Since an exhibition designer’s primary job is facilitating the curators’ vision and making for a seamless, integrated installation, the work of Victoria and her department is almost invisible. But that kind of effortlessness doesn’t come easily or quickly; it takes planning, it takes conversation, and it takes its own vision. According to Victoria, three key components contribute to a successful effect for the audience: “You can do a lot with light, placement, and color. That’s all it is. After that, you can get fussier. But the color of the light will change the color of the space. It starts with the light and then keeps going.”
Martin adds, “You go through certain narratives, certain things about a particular artist and you boil it down. You don’t want to cast a deep shadow on the work because you’re taking all these design liberties—the work speaks for itself, you don’t need to prop it up that much.”
“When it comes to the install of the artwork, I will set up the context,” Victoria says. “But I usually back off and allow the curatorial team to install the art on the wall. [A successful design] depends on how [the work] is looking at you, too. And if it’s a figure, where are the eyes? You have to go to the art.”
As for which exhibitions are most challenging to work on, she explains: “Sometimes shows are complicated just because the art is complicated. How vulnerable is the work? What are the conservation requirements? How do you handle it? But then, sometimes you’re dealing with installing Rain Room. That can be a little fussy, too. James Turrell: A Retrospective was huge. Basically, when we were fabricating the space [for Turrell], we were fabricating the art itself.”
Mapplethorpe may not require the plumbing of Rain Room or the space fabrication of a Ganzfeld work by James Turrell, but it still takes extreme consideration for how the smallest changes will translate to the audience.
I ask her if there’s anything else about her job that most people don’t realize.
“I don’t think [many] people know that this job exists,” she concludes. “You don’t think: this is what I’m going to be when I grow up. You don’t know it exists until you get here.”

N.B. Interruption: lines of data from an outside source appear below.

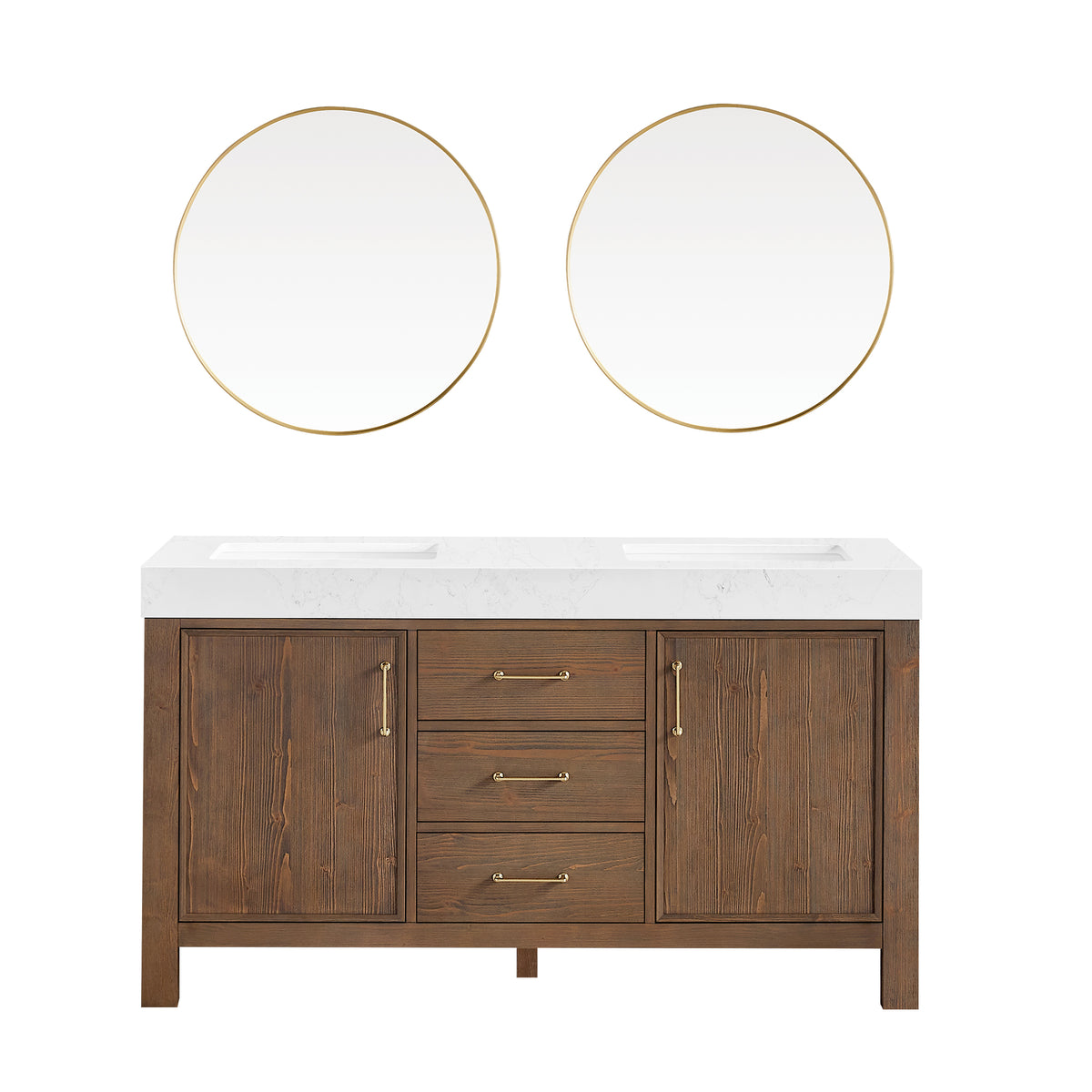 León 60" Free-standing Double Bathroom Vanity in Spruce Aged Brown with Mirror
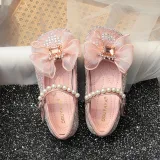 Toddler Girl Pearl Crystal Diamond Lace Bowknot PU Leather Flat Dress Shoes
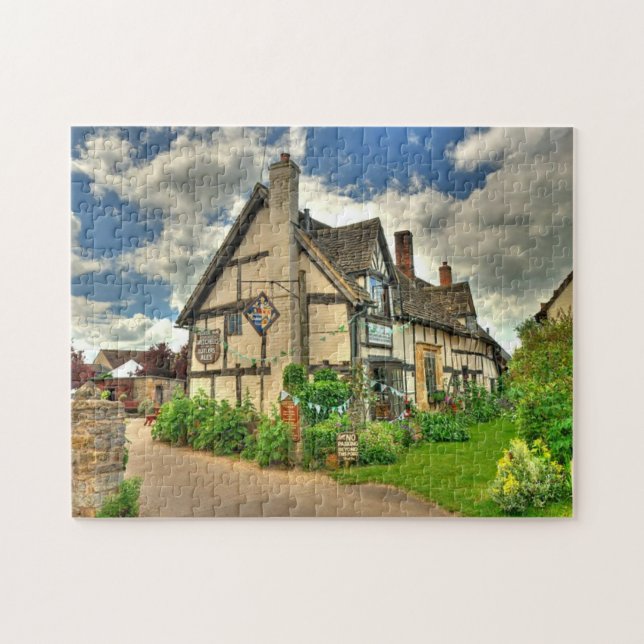 Historic English Country Public House Scene Jigsaw Puzzle (Horizontal)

Martin agrees that his background in architecture lent itself well to exhibition design. “With architecture, the schedule tends to draw out for years,” he says. “But here, the turnaround is so exciting. You might have to put something down on paper and then within two months it’s actually there in the physical realm. I think it’s such a huge benefit to anyone that studies architecture to be there onsite day after day to see it come together.”